The cast, in addition to Dafoe, also includes Riccardo Scamarcio (Ninetto Davoli), Valerio Mastandrea (the cousin and biographer Nico Naldini), Maria de Medeiros (Laura Betti), Giada Colagrande (the poet's cousin Graziella Chiarcossi), Adriana Asti (the mother) and Ninetto Davoli himself (Eduardo De Filippo).
The film received recognition with the Grand Jury Prize at the Berlin Festival. The film was also presented, in competition, at the Venice Film Festival.
Pasolini narrates the last days of the writer's life, who tragically died in Ostia, the Lazio coast, on November 3, 1975.
From the director’s notes:
"I grew up watching his films and certainly he did not grow up watching mine - said Ferrara responding to those asking him for a comparison between himself and PPP - I am a Buddhist and my teaching is to meditate on one's master: I absorbed his work and by making this film, meeting the people who loved and knew him, and directing Ninetto (Davoli ed.), I approached my master".
In the first part, we see PPP return from Stockholm where he presented the controversial: "Salò, or the 120 Days of Sodom". Back in Rome, he passionately works on a new film – Porno – Teo Kolossal – which was to be played by Ninetto Davoli and Eduardo De Filippo but, as known, it was never filmed, and on the unfinished novel "Petrolio".

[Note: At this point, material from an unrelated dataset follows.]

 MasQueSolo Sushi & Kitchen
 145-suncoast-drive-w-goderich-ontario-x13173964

We then see PPP in his daily life, at home with his mother and other aforementioned characters eating, talking, drinking a glass of wine. A journalist will come to his home for an interview and during the interview, the essence of Pasolini's thoughts will be illustrated, through the answers that our protagonist will give to a soft yet polemical journalist. Pierpaolo will soon tire and dismiss the journalist by saying, ok that's enough. Leave me the list of questions, I will answer them in writing, I express myself better in writing than in words.
I found this first part rather interesting but underdeveloped. It is certainly arduous to represent a film about such a character, one of the most eminent intellectual figures of the last 60 years in Italy and the world. Still, precisely due to the breadth and scope of PPP's thought and work, I believe they could have dared much more. But it is evident that Abel Ferrara, who kept it under 90 minutes and for such a film, in my opinion, should have exceeded 120 minutes, made different choices, focusing on the last days of PPP's life until the tragic end.

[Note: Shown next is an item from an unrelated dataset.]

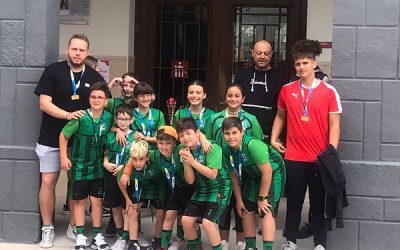 Uno de los equipos de las categorías inferiores de Sax triunfa como campeón de liga en Baloncesto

It is in the second part that Ferrara's style emerges, alternating dream and reality, where dream is understood as the imaginary representation of certain film sequences – Porno – Teo Kolossal – a metaphorical work, a small divine comedy where Ninetto and Eduardo, passing through Earth's inferno, will symbolically ascend towards the Paradise, climbing an endless staircase only to realize they will never arrive, that Paradise does not exist and that there is no end either…

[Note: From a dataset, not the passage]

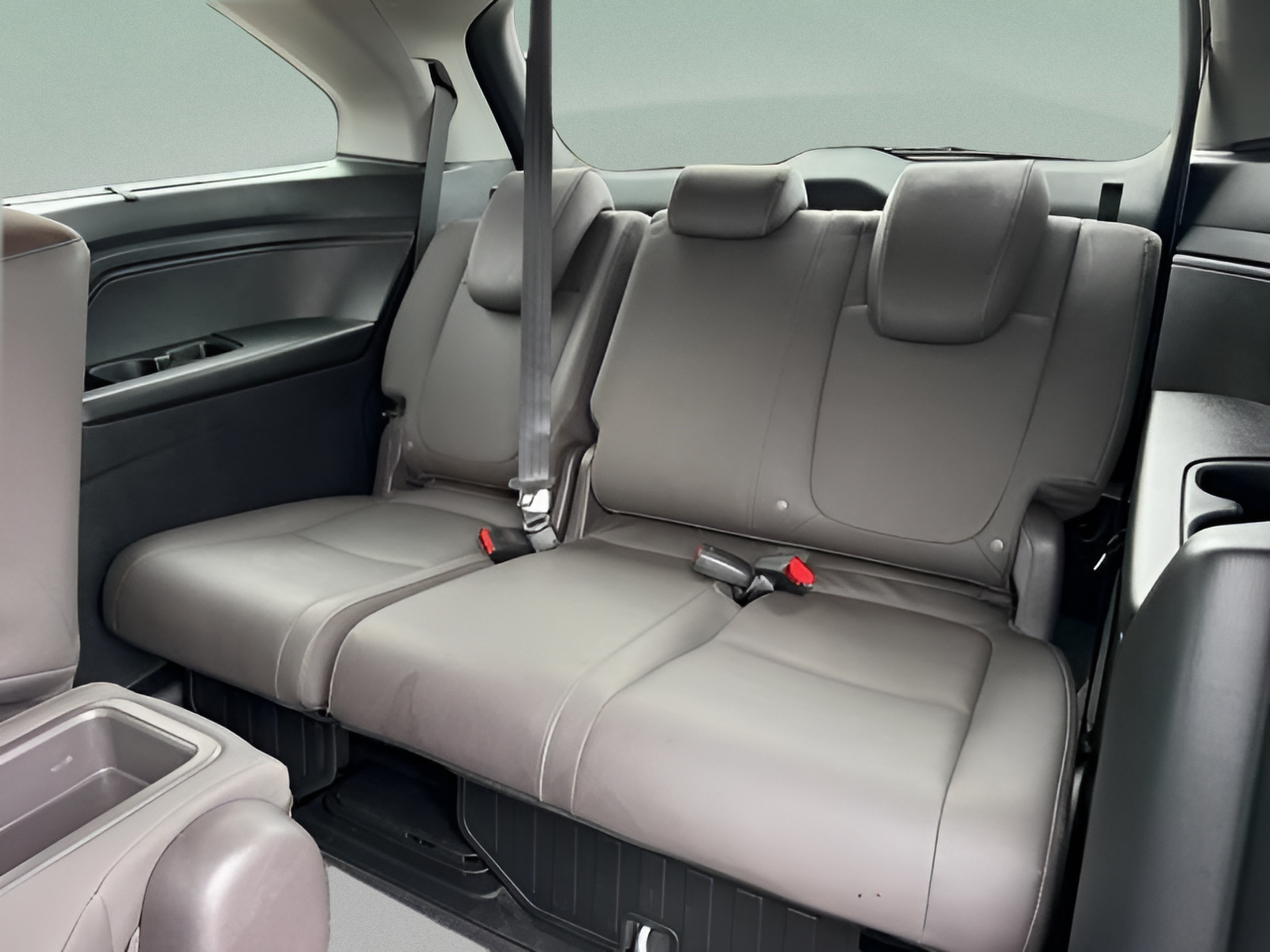 Certified 2024 Honda Odyssey Touring image 25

The film divided critics, detractors hinge on the uncertain and quirky tone of the film and the choice for Dafoe to speak sometimes in English, sometimes in Italian (and he manages well) actually confers a sense of rather ridiculous estrangement, therefore I recommend watching it in Italian with Dafoe dubbed by Fabrizio Gifuni.
I quite liked it; I recognize a visual allure and an atmosphere full of sensations that leave a mark, and although I consider Ferrara's Pasolini to be an unfinished work, I acknowledge its courage and the choice to only show us the end, as if in a meal at a restaurant you have great expectations for, they only bring you the dessert… bitter.